43. Time. Time is to be considered of the essence for
the purposes of this Agreement and the Related Agreements.
44. Amendments and Modification. This Agreement and
the Related Agreements may only be amended or modified by a
subsequent written agreement by the parties hereto.
45. Construction. This Agreement and the Related
Agreements shall not be construed more strictly against one
party than against the other merely by virtue of the fact
that such document may have been prepared primarily by
counsel for one of the parties, it being recognized that
both parties have contributed substantially and materially
to the preparation of such documents.
46. Restructuring of MW Group. As of the date hereof,
the MW Group is exploring various potential strategic
options and restructurings, including without limitation the
potential sale of equity in MW to an investor and an entire
or partial disposition of Signature, such as by means of a
spin-off or an initial public offering (any such
transactions being referred to herein as a "Restructuring").

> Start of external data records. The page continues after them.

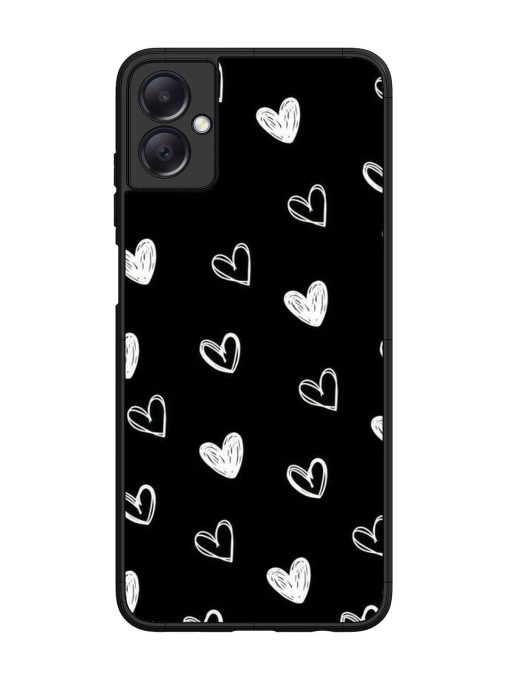 Scattered Hearts Glossy Soft Edge Case for Samsung Galaxy A05 Chachhi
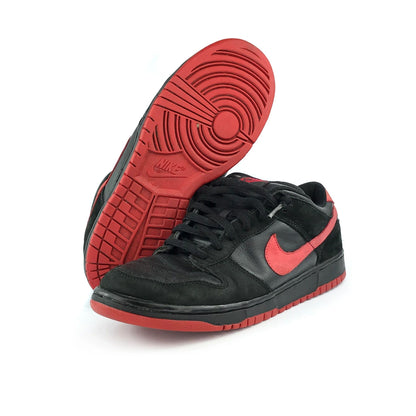 Nike Dunk Low SB 2003 Black/True Red Vamps Size 10.5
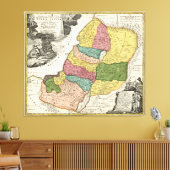 Kaart van Israël (1720) Canvas Afdruk (Insitu (Woonkamer))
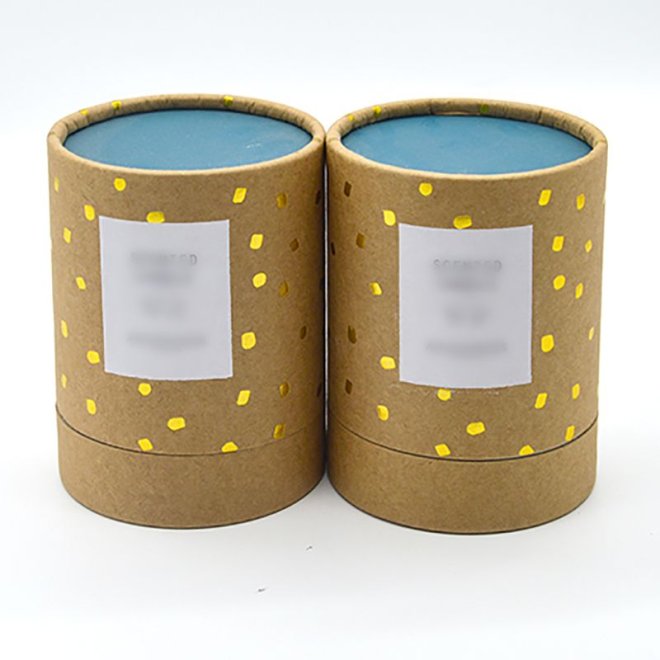 Kraft Paper Tube For Biscuit Candle Essential Oil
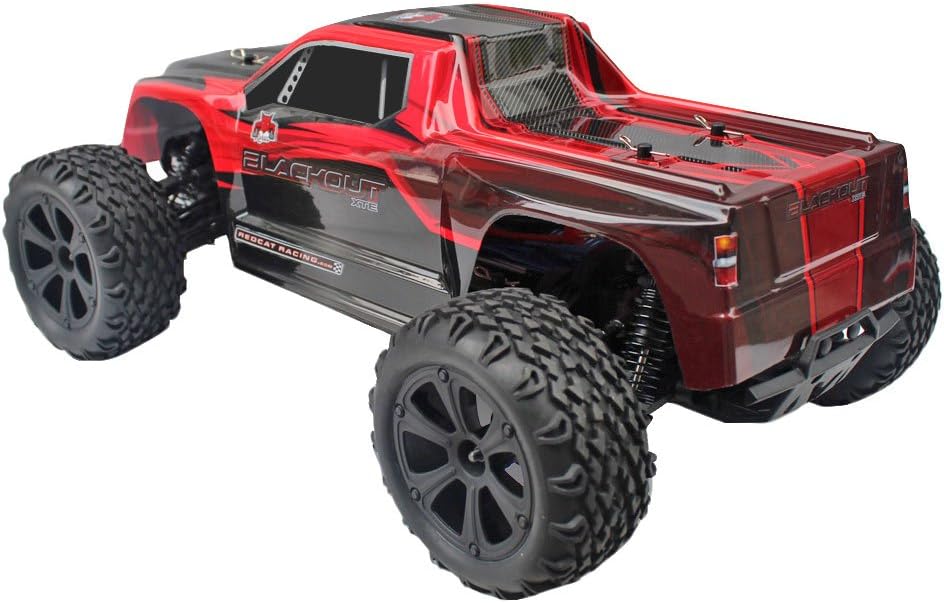 Redcat Racing Blackout XTE 1/10 Scale Electric Monster Truck with Waterproof Electronics, Red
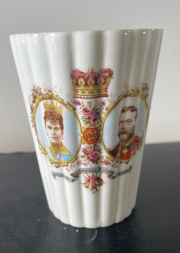 fluted beaker -King George V -Foley c1900 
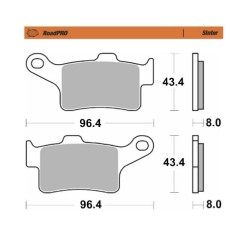 Plăcuță de frână ROADPRO SINTER MOTO-MASTER 417401 Plăcuță de frână ROADPRO SINTER MOTO-MASTER 417401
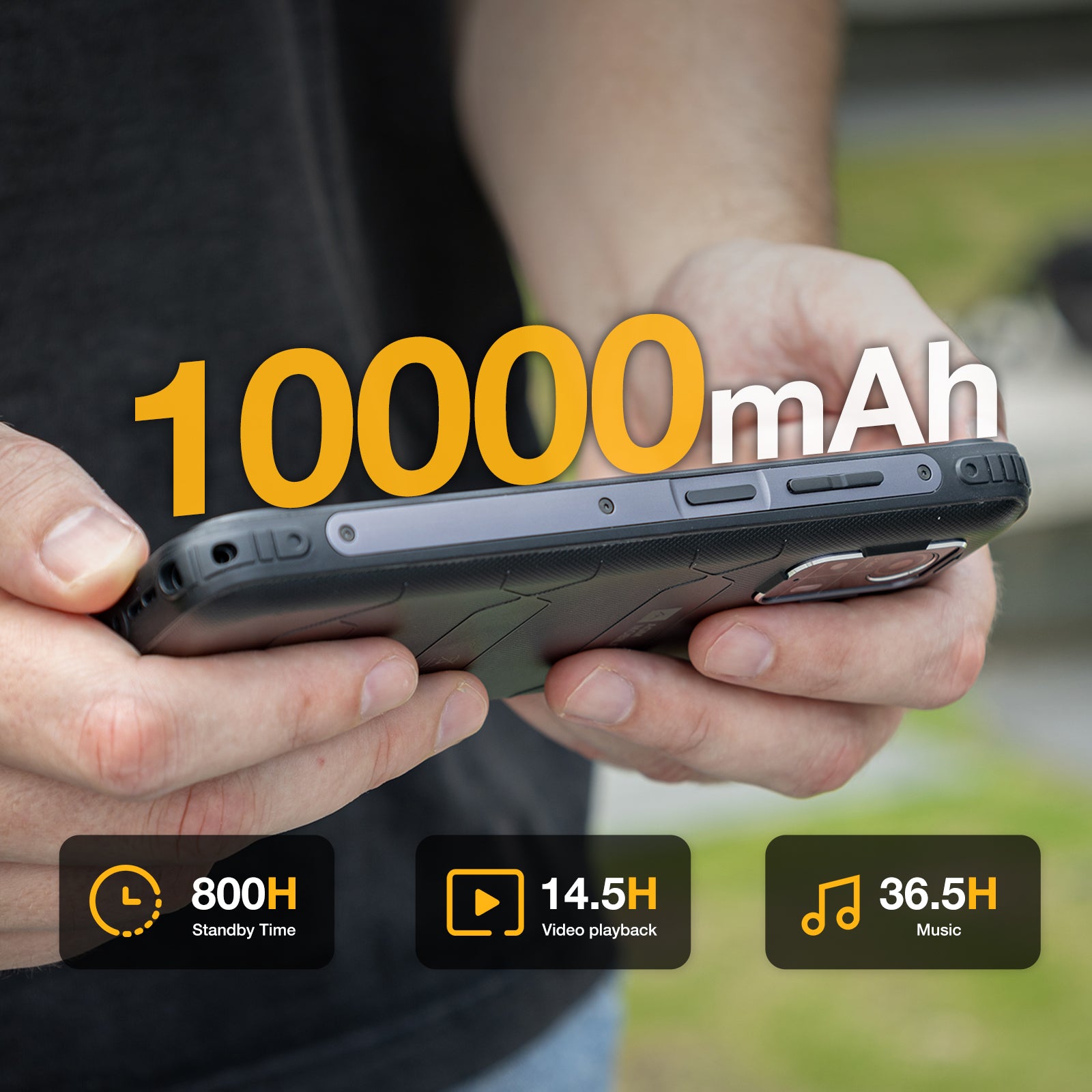 AGM H Max | Rugged | 10000 mAh Battery | 8GB+256GB | 90Hz Display | 4G Dual SIM | Android 14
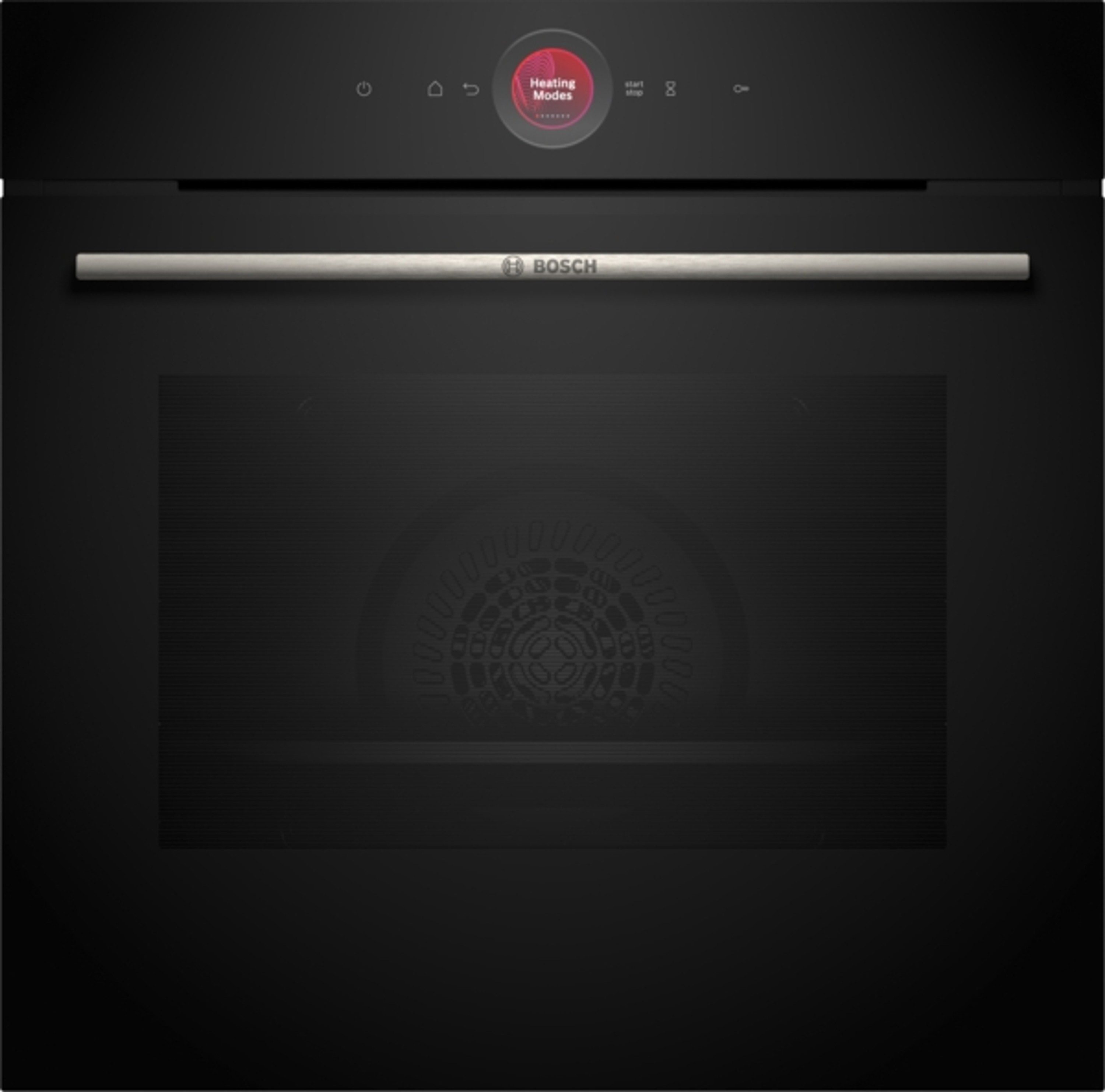 BOSCH Einbaubackofen HBG7721B1, mit Auszug nachrüstbar, pyrolysefähig, Home Connect, Pyrolyse-Reinigung, TFT Touchdisplay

Provided that as a result of any such Restructuring, MW (or
any successor thereof in the Restructuring) shall remain
obligated to perform all of its obligations under this
Agreement and the Related Agreements, and Signature (or any
successor thereof in the Restructuring) shall become
obligated to perform all of its obligations under this
Agreement and the Related Agreements, VVI (i) hereby
consents to the Restructuring, and (ii) agrees to execute
such amendments to this Agreement as counsel for MW shall
deem to be reasonably necessary in order to reflect the
effects of the Restructuring on this Agreement and the
Related Agreements, including without limitation the
possibility that Signature could cease to be an Affiliate of
MW by virtue of the Restructuring.
-33-
IN WITNESS WHEREOF, the parties hereto have executed
this Agreement effective as of the date first set forth
above.
XXXXXXXXXX XXXX & VALUEVISION
INTERNATIONAL, INC.
CO., INCORPORATED
BY: /s/ XXXX X. XXXXXXX BY: /s/ XXXXXX X. XXXXXXXX
TITLE: Executive Vice President TITLE: Chief Executive Officer
Xxxxxx X. Xxxxxxxx and Xxxxxxxx X. Xxxxxxx hereby join in
the foregoing Agreement for the sole purpose of agreeing to
be bound by clause (ii) of paragraph 11 thereof.